What you return must match the listing word for word.
*** Raw data Section Begins ***
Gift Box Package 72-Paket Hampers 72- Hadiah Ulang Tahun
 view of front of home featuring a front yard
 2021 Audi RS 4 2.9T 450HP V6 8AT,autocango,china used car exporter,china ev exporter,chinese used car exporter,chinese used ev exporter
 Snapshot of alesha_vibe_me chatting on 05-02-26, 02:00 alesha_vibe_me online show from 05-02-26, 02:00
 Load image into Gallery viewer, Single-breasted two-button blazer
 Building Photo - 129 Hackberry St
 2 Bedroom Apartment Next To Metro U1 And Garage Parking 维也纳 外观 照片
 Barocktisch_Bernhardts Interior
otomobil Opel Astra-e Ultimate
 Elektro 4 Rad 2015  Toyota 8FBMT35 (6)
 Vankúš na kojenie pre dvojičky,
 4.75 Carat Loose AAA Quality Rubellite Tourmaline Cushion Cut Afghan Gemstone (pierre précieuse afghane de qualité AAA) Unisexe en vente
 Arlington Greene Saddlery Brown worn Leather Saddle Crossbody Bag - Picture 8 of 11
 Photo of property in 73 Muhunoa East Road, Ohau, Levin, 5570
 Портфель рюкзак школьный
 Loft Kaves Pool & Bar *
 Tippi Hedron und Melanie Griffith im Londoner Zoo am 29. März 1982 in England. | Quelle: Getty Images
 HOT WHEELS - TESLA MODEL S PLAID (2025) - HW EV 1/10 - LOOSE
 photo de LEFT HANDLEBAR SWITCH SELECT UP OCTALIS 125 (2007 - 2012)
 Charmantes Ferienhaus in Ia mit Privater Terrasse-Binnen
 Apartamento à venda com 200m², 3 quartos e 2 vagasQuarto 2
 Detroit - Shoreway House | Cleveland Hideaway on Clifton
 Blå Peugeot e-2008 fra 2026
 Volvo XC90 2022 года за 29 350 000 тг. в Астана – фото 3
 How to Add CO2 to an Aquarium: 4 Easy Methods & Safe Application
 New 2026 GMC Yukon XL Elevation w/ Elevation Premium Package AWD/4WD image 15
*** Raw data Section Ends ***
- Result for this exercise
Gift Box Package 72-Paket Hampers 72- Hadiah Ulang Tahun
 view of front of home featuring a front yard
 2021 Audi RS 4 2.9T 450HP V6 8AT,autocango,china used car exporter,china ev exporter,chinese used car exporter,chinese used ev exporter
 Snapshot of alesha_vibe_me chatting on 05-02-26, 02:00 alesha_vibe_me online show from 05-02-26, 02:00
 Load image into Gallery viewer, Single-breasted two-button blazer
 Building Photo - 129 Hackberry St
 2 Bedroom Apartment Next To Metro U1 And Garage Parking 维也纳 外观 照片
 Barocktisch_Bernhardts Interior
otomobil Opel Astra-e Ultimate
 Elektro 4 Rad 2015  Toyota 8FBMT35 (6)
 Vankúš na kojenie pre dvojičky,
 4.75 Carat Loose AAA Quality Rubellite Tourmaline Cushion Cut Afghan Gemstone (pierre précieuse afghane de qualité AAA) Unisexe en vente
 Arlington Greene Saddlery Brown worn Leather Saddle Crossbody Bag - Picture 8 of 11
 Photo of property in 73 Muhunoa East Road, Ohau, Levin, 5570
 Портфель рюкзак школьный
 Loft Kaves Pool & Bar *
 Tippi Hedron und Melanie Griffith im Londoner Zoo am 29. März 1982 in England. | Quelle: Getty Images
 HOT WHEELS - TESLA MODEL S PLAID (2025) - HW EV 1/10 - LOOSE
 photo de LEFT HANDLEBAR SWITCH SELECT UP OCTALIS 125 (2007 - 2012)
 Charmantes Ferienhaus in Ia mit Privater Terrasse-Binnen
 Apartamento à venda com 200m², 3 quartos e 2 vagasQuarto 2
 Detroit - Shoreway House | Cleveland Hideaway on Clifton
 Blå Peugeot e-2008 fra 2026
 Volvo XC90 2022 года за 29 350 000 тг. в Астана – фото 3
 How to Add CO2 to an Aquarium: 4 Easy Methods & Safe Application
 New 2026 GMC Yukon XL Elevation w/ Elevation Premium Package AWD/4WD image 15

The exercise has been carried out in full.